2.1. Ingevolge het bestemmingsplan "Plassengebied Veen, 1e herziening", rust op het perceel de bestemming "seizoensrecreatie".
2.2. Vaststaat en ook is niet in geschil dat het plaatsen van de (stenen) recreatiewoning in strijd is met de bestemming op het perceel, zodat voor het plaatsen van de recreatiewoning vrijstelling ingevolge artikel 19, eerste lid, van de Wet op de Ruimtelijke Ordening (hierna: WRO) dient te worden verleend.
2.3. Ingevolge het vierde lid van artikel 19 van de WRO wordt vrijstelling krachtens het eerste lid niet verleend voor een project dat wordt uitgevoerd in een gebied waarvoor het bestemmingsplan niet tijdig overeenkomstig artikel 33, eerste lid, van de WRO is herzien of geen vrijstelling overeenkomstig artikel 33, tweede lid, van de WRO is verleend, tenzij voor het gebied een voorbereidingsbesluit geldt of een ontwerp voor een herziening ter inzage is gelegd.

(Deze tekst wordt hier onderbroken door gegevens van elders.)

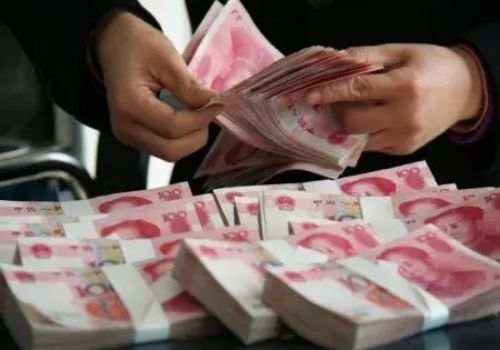 成都要债公司：别人欠多少钱可以起诉立案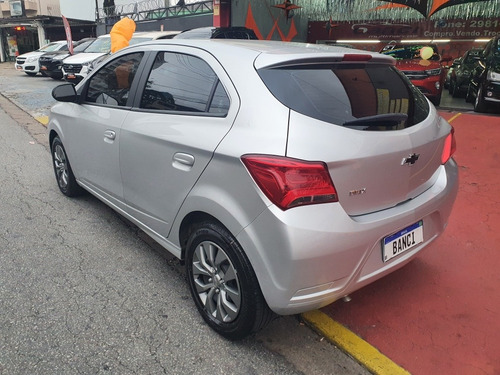Imagem 6 de 15 de Chevrolet Joy 2021 1.0 Black 4p 6 Marchas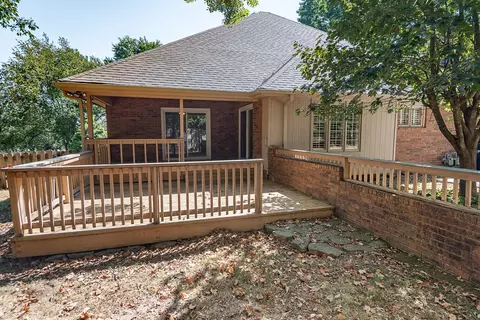 Exterior - 761 S Augusta Dr, Springfield, MO 65809 photo 8 of 12
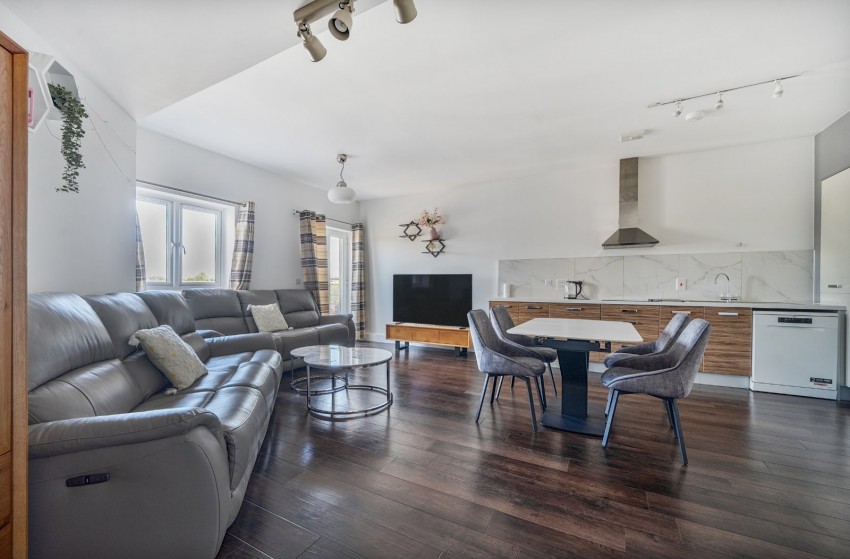 Images for Maidenhead, Berkshire EAID:2640919782 BID:BUR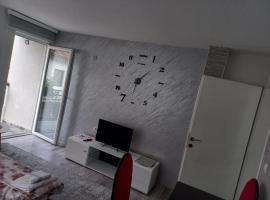 Adagio Studio Apartment，位于普拉夫的度假短租房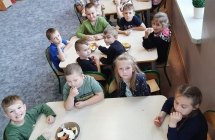 Dzieci jedza warzywa i owoce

2.4. De rechtbank heeft met juistheid vastgesteld dat niet aan de wettelijke vereisten, neergelegd in artikel 19, vierde lid, van de WRO, voor het verlenen van vrijstelling als bedoeld in artikel 19, eerste lid, is voldaan. Het bestemmingsplan "Plassengebied Veen, 1e herziening", is niet tijdig overeenkomstig artikel 33, eerste lid, van de WRO herzien en er is geen vrijstelling overeenkomstig artikel 33, tweede lid, van de WRO verleend. Voorts was ten tijde van het nemen van de beslissing op bezwaar van 6 november 2007 geen ontwerp voor een herziening ter inzage gelegd en gold geen voorbereidingsbesluit. Derhalve kon geen vrijstelling als bedoeld in artikel 19, eerste lid, van de WRO worden verleend, zoals de rechtbank terecht heeft geoordeeld.
2.5. Het betoog van [appellant] dat vrijstelling ingevolge artikel 15 van de WRO kan worden verleend, faalt. Deze vrijstellingsbevoegdheid ziet immers op voorschriften van het bestemmingsplan en niet op wijziging van de bestemming, hetgeen voor realisering van het bouwplan wel is vereist. Bovendien blijkt uit de stukken dat de recreatiewoning de maximale maten van de bebouwingsvoorschriften met meer dan 10% overschrijdt, zodat op grond van artikel 18 van de planvoorschriften het verlenen van vrijstelling ingevolge artikel 15 van de WRO ook niet mogelijk is.
2.6. Het beroep van [appellant] op het gelijkheidsbeginsel kan reeds hierom niet slagen, omdat zoals het college in het verweerschrift heeft aangegeven van vergelijkbare gevallen niet is gebleken en bovendien dit beginsel niet zover strekt dat daaraan aanspraak kan worden ontleend op het verkrijgen van de gevraagde vrijstelling en bouwvergunning, die blijkens het voorgaande, niet anders dan in strijd met de wet zouden kunnen worden verleend.
2.7. Hetgeen [appellant] verder nog heeft aangevoerd biedt evenmin aanknopingspunten voor een ander oordeel dan dat van de rechtbank.
2.8. Het hoger beroep is ongegrond. De aangevallen uitspraak dient te worden bevestigd.
2.9. Voor een proceskostenveroordeling bestaat geen aanleiding.
De Afdeling bestuursrechtspraak van de Raad van State
Recht doende in naam der Koningin:
bevestigt de aangevallen uitspraak.
Aldus vastgesteld door mr. P.B.M.J. van der Beek-Gillessen, lid van de enkelvoudige kamer, in tegenwoordigheid van mr. G.A.A.M. Boot, ambtenaar van Staat.